- _Problem to solve_: Output, exactly and in full, the entries that appear below.

- _Given records_:
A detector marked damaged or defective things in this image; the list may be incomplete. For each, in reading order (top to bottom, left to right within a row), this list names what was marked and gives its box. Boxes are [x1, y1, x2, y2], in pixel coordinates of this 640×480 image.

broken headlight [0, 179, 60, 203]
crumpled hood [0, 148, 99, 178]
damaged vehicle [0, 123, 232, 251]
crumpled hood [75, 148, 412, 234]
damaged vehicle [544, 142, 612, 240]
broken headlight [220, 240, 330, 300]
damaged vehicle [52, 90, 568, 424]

- _Answer to this exercise_:
A detector marked damaged or defective things in this image; the list may be incomplete. For each, in reading order (top to bottom, left to right within a row), this list names what was marked and gives its box. Boxes are [x1, y1, x2, y2], in pixel coordinates of this 640×480 image.

broken headlight [0, 179, 60, 203]
crumpled hood [0, 148, 99, 178]
damaged vehicle [0, 123, 232, 251]
crumpled hood [75, 148, 412, 234]
damaged vehicle [544, 142, 612, 240]
broken headlight [220, 240, 330, 300]
damaged vehicle [52, 90, 568, 424]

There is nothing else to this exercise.